Neither the CO-OP plans nor the MSP plans did much, if anything, to enhance insurance-market competition. Personal choice and market competition in the health-insurance exchanges in many parts of the country virtually collapsed. In 2019, 37% of U.S. counties had just one insurer, and 40% had just two.
Yet the “public option” proposal is making a comeback — this time as the more “robust public option” armed with powerful advantages for the government plan that will pave the way for an eventual single-payer, government-run plan. These particular public options are based on a command-and-control model with government price setting, provider coercion, consolidation by squeezing out private competition and shifting financial costs on to taxpayers.

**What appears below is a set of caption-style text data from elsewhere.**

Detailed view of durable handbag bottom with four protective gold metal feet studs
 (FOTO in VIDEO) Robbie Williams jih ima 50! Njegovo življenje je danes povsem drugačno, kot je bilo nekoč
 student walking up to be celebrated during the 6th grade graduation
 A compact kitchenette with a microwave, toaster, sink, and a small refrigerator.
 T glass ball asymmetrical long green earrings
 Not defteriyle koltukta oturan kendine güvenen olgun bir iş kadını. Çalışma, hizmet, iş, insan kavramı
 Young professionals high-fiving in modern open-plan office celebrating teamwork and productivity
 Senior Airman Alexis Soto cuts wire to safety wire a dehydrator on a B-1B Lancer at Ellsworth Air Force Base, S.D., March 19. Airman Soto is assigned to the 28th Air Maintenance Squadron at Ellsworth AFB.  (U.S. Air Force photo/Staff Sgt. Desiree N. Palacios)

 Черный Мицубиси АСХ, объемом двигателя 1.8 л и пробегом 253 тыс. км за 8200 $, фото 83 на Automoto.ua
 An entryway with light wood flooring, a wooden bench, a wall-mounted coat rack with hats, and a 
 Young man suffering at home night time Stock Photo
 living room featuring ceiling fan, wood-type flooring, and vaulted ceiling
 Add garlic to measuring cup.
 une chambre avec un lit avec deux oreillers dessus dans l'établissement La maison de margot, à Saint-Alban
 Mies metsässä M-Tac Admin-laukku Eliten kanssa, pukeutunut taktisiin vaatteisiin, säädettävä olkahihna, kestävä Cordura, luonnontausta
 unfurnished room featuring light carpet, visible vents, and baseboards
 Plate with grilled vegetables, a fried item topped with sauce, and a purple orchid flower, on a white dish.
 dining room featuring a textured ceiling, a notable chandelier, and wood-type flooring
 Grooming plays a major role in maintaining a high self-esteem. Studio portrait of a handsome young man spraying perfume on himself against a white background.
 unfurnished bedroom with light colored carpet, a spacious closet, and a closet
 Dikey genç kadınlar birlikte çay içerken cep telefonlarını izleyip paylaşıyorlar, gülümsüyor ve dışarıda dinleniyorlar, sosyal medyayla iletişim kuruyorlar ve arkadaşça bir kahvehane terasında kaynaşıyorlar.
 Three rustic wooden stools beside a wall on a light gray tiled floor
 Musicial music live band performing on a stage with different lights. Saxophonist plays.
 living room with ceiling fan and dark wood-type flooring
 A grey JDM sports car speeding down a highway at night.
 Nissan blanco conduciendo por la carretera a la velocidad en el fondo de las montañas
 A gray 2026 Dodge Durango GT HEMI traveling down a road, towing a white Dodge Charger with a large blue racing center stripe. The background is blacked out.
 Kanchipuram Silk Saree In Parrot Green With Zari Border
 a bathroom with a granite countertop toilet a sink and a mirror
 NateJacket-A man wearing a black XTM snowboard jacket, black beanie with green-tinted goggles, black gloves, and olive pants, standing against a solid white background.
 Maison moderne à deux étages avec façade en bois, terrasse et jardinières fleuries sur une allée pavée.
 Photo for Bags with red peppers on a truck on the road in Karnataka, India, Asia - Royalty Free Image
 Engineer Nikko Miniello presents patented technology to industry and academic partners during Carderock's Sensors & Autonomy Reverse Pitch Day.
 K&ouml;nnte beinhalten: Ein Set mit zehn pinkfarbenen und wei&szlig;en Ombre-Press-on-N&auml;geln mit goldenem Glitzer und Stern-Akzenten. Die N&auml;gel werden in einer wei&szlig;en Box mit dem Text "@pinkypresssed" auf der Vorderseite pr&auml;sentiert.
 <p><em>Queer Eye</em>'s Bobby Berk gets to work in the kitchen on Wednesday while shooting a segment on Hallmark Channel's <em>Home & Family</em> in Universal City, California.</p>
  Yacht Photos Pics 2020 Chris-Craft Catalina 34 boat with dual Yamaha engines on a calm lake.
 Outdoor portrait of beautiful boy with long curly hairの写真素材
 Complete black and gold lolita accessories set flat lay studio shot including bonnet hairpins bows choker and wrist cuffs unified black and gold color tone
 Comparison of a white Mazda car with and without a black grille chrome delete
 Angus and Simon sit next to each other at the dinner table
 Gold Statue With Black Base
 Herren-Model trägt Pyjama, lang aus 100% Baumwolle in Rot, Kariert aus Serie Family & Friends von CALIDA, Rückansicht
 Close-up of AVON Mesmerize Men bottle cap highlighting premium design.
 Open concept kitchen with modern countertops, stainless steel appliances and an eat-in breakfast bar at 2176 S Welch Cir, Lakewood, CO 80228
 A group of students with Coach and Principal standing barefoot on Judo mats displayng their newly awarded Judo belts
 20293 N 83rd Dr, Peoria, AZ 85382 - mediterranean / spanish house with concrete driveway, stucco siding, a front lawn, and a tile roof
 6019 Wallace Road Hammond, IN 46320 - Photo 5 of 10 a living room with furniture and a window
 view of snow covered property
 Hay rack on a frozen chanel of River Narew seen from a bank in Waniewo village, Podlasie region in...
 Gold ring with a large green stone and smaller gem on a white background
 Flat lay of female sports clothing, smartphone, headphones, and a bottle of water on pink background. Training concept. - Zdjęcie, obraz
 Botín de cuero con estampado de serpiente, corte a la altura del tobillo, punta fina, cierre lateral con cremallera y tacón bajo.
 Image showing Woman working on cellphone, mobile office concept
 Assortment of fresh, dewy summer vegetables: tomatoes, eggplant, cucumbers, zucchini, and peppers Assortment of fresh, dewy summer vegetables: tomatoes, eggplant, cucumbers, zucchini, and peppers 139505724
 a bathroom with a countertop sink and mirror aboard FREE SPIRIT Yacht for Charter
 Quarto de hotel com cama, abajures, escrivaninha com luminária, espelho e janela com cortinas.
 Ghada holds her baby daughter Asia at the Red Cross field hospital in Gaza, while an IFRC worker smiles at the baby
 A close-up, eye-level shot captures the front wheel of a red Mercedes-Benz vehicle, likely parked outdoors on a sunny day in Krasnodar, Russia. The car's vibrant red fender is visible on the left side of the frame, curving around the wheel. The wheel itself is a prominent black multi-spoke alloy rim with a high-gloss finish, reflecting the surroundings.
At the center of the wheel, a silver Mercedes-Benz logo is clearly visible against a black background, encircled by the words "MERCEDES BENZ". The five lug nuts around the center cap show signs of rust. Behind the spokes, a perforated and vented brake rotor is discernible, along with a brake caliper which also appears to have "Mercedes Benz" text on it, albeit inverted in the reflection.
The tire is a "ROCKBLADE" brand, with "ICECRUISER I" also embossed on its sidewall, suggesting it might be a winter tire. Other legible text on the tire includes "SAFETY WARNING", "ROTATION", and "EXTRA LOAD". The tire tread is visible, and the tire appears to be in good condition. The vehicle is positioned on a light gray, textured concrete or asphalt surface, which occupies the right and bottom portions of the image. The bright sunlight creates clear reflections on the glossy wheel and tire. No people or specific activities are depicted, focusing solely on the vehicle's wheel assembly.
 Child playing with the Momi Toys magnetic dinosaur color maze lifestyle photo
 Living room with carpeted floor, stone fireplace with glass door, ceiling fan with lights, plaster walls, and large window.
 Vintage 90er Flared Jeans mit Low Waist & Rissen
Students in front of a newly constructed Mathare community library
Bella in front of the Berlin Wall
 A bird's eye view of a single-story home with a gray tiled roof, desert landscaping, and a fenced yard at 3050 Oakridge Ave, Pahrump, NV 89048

Ordinary Americans, who already fear losing their private health plans, should be wary of politicians’ deceptive rhetoric about how a public option would enhance market competition, keep private plans honest or make the health insurance markets — the markets they’ve already savaged through inflexible regulations — “work.”
The public-option strategy is nothing less than single payer on the installment plan, and with it the erosion private and employer-sponsored health coverage in America.
Robert E. Moffit, Ph.D., is a senior fellow in the Center for Health Policy Studies at The Heritage Foundation. Nina Schaefer is a senior research fellow for domestic policy studies and health policy in Heritage’s Institute for Family, Community and Opportunity.